UK legislation and policy are increasingly setting a trajectory for transition to a low-carbon economy. In the future, a business’s energy performance and strategies may therefore increasingly become indicators of value, particularly if the cost or risk profile of fossil fuels increases and the CRC, and other mechanisms, reveal the extent of a business’s dependency on fossil fuel. Where companies qualify for the CRC, their compliance with and performance within the scheme will also be a matter of public record, and will therefore be open to public scrutiny. Reputational risk will be an important consideration.

CRC: An overview

The CRC applies UK-wide to create a cap and trade scheme for emissions allowances, which is designed to reduce non-domestic, non-transport energy consumption. Participation is mandatory for around 5,000 of the large, but non-energy-intensive, private and public sector organisations. Examples of likely participants include banks, retailers, institutional landlords, data centre owners, private equity funds, large joint ventures, private finance initiatives, public-private partnerships, franchises, government departments and local authorities. Private sector participation will be based on groupings determined by share ownership or control. Foreign entities with an operation in the UK could also be caught. Another 20,000 organisations who do not qualify for CRC participation will be required to make certain information disclosures.

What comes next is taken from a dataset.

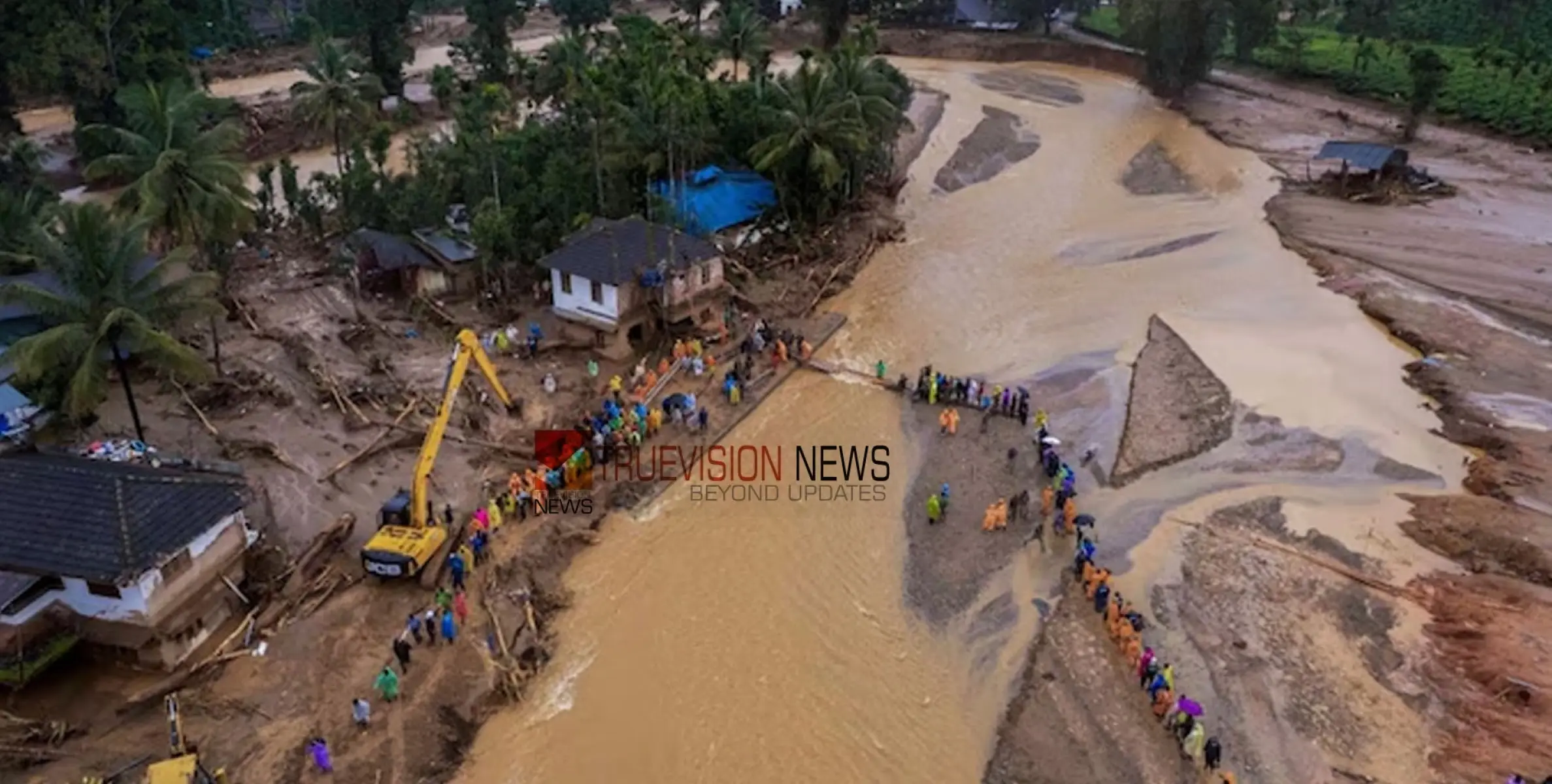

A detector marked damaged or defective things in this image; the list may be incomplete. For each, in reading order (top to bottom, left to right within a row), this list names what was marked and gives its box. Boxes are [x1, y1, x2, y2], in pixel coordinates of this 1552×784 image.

damaged house [0, 452, 254, 685] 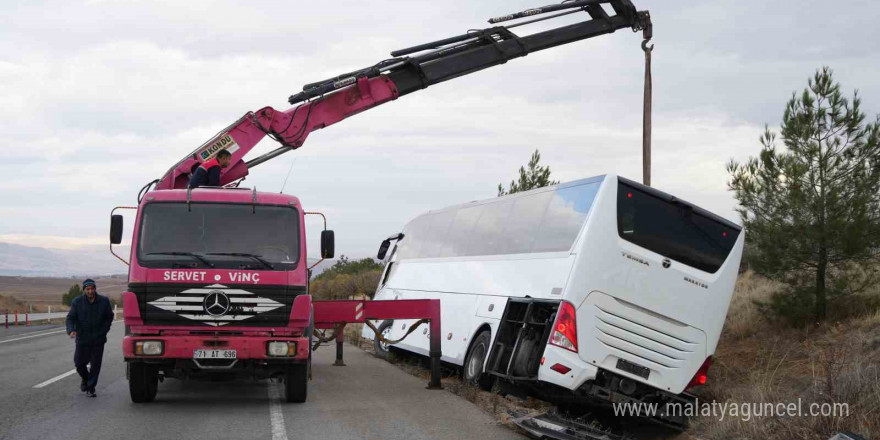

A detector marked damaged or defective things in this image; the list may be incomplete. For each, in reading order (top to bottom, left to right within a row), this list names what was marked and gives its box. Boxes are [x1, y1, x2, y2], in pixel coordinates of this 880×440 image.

overturned white bus [364, 174, 744, 426] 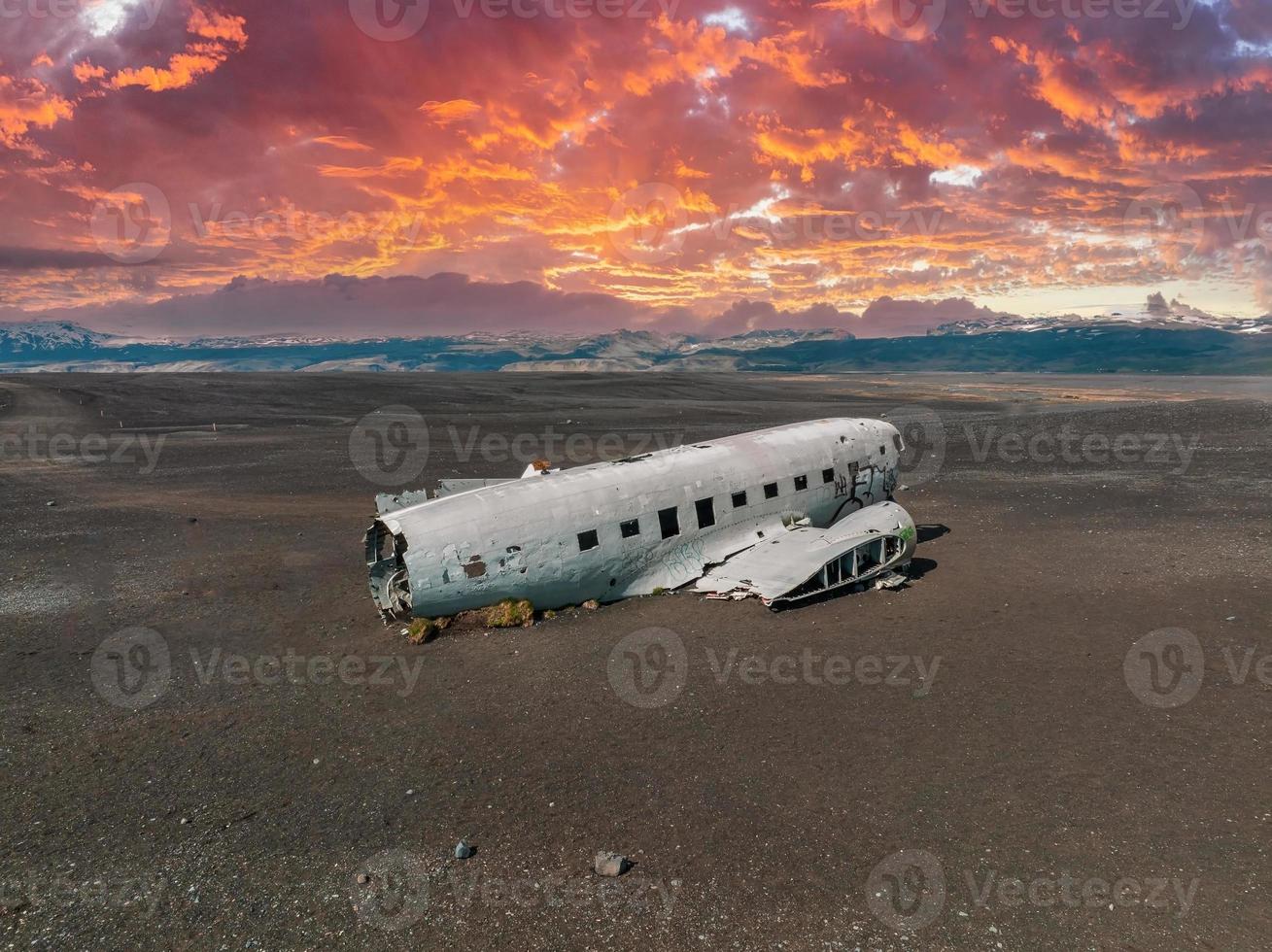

CRC will operate in phases. 2010 to 2013 is the first and introductory phase. Subsequent phases, each of seven years, will run to 2043.

An organisation must participate in a phase if, in a phase’s qualifying year, the organisation:

  1. had half-hourly metered, UK electricity consumption of 6,000 MWh or more; and
  2. was supplied with electricity though a settled half-hourly meter.

The qualifying year for the first phase is 2008 and for the second phase the year commencing April 2010. There are also certain reporting-only requirements for organisations with usage of between 3,000 MWh and 6,000 MWh, although these organisations would not be required to participate in the CRC.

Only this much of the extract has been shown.